*** Data records ***
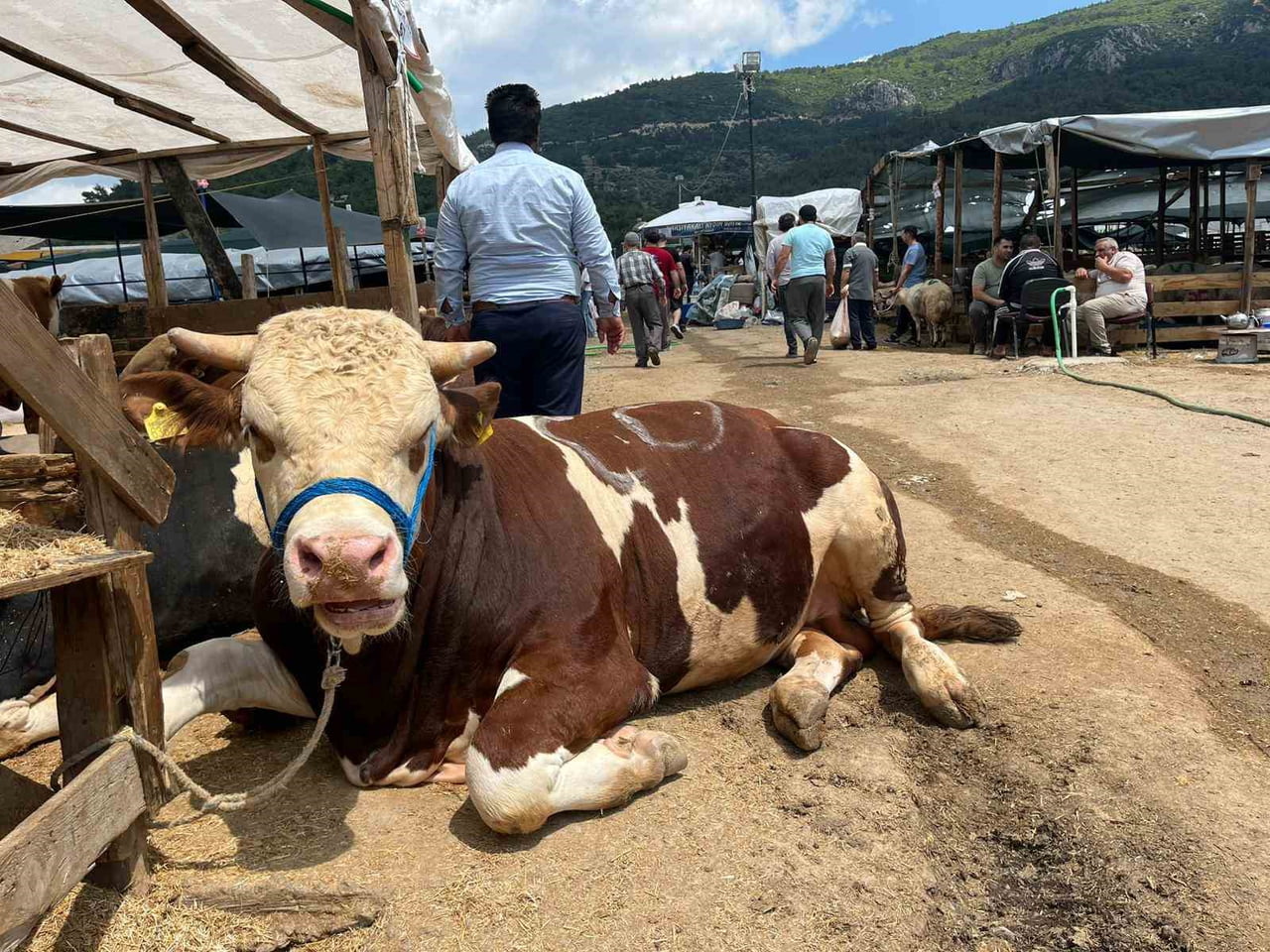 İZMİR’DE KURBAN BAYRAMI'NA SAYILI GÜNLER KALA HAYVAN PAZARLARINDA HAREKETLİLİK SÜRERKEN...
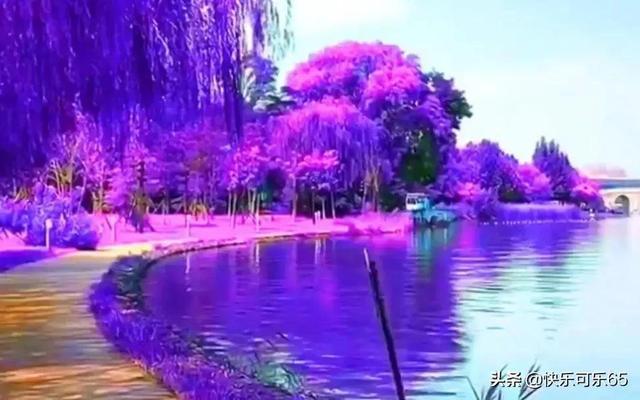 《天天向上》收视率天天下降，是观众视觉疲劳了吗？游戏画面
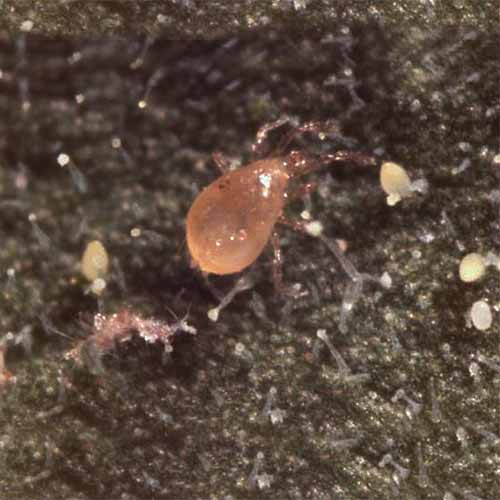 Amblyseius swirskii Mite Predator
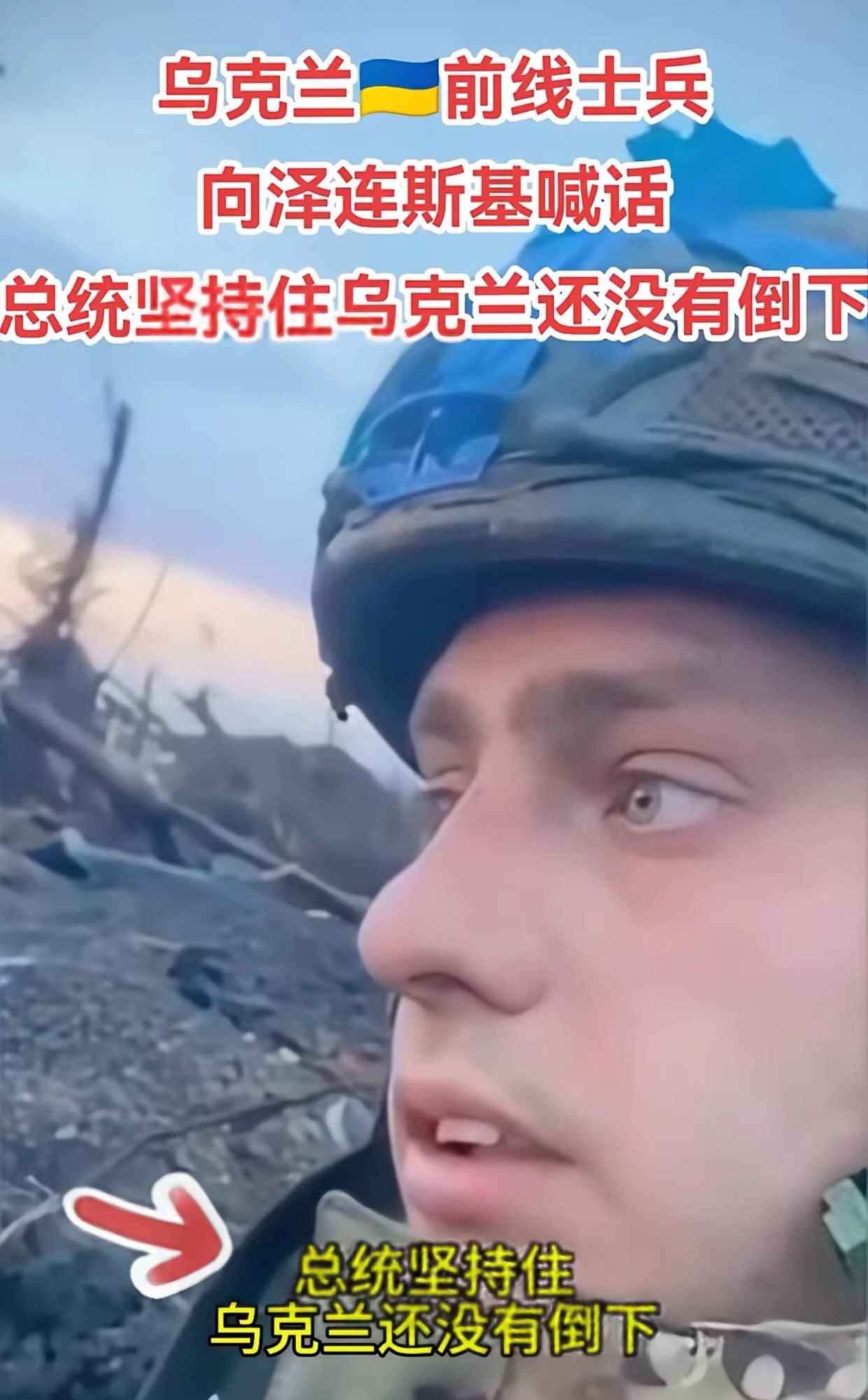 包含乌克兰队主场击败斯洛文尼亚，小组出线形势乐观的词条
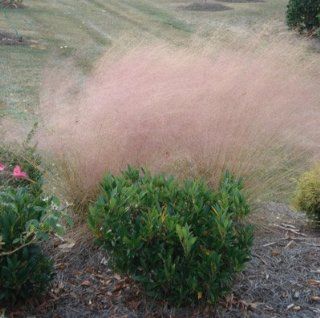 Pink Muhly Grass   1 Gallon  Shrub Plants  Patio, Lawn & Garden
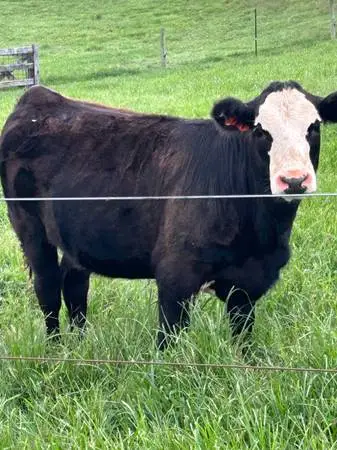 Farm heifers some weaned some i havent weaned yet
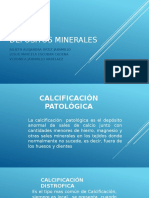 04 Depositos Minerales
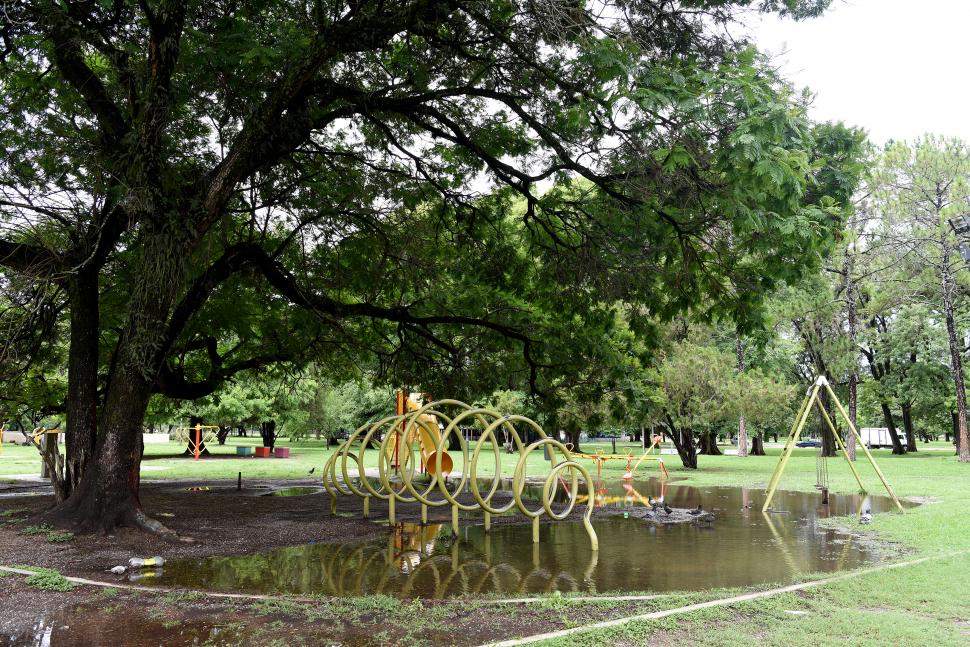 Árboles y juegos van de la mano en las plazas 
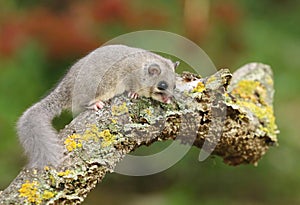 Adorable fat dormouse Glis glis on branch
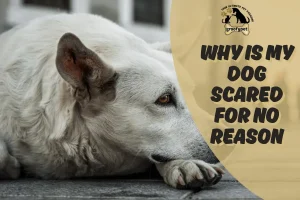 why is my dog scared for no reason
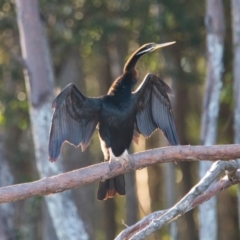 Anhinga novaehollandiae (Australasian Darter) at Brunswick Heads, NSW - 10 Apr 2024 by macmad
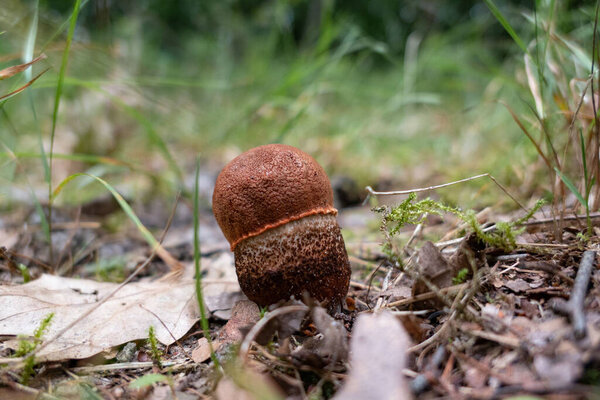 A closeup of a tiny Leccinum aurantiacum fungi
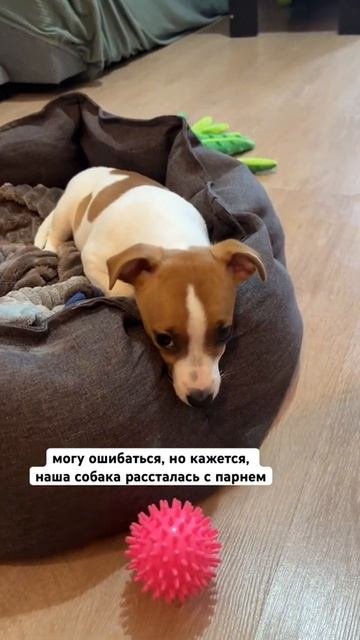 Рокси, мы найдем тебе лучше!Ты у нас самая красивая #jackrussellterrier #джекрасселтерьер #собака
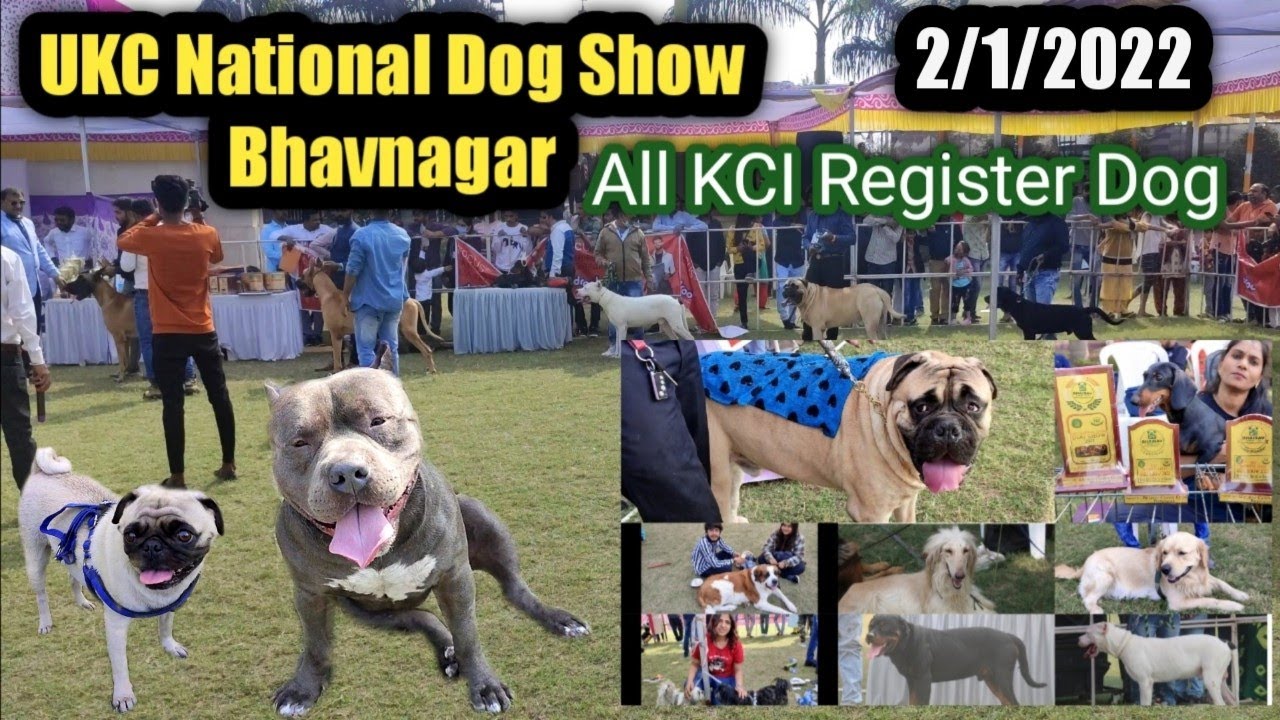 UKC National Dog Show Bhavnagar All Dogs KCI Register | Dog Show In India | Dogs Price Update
*** End of Data records ***
## What this task involves:
Could you restate each record word for word, keeping the pictures out?

## Response to this task:
 İZMİR’DE KURBAN BAYRAMI'NA SAYILI GÜNLER KALA HAYVAN PAZARLARINDA HAREKETLİLİK SÜRERKEN...
 《天天向上》收视率天天下降，是观众视觉疲劳了吗？游戏画面
 Amblyseius swirskii Mite Predator
 包含乌克兰队主场击败斯洛文尼亚，小组出线形势乐观的词条
 Pink Muhly Grass   1 Gallon  Shrub Plants  Patio, Lawn & Garden
 Farm heifers some weaned some i havent weaned yet
 04 Depositos Minerales
 Árboles y juegos van de la mano en las plazas 
 Adorable fat dormouse Glis glis on branch
 why is my dog scared for no reason
 Anhinga novaehollandiae (Australasian Darter) at Brunswick Heads, NSW - 10 Apr 2024 by macmad
 A closeup of a tiny Leccinum aurantiacum fungi
 Рокси, мы найдем тебе лучше!Ты у нас самая красивая #jackrussellterrier #джекрасселтерьер #собака
 UKC National Dog Show Bhavnagar All Dogs KCI Register | Dog Show In India | Dogs Price Update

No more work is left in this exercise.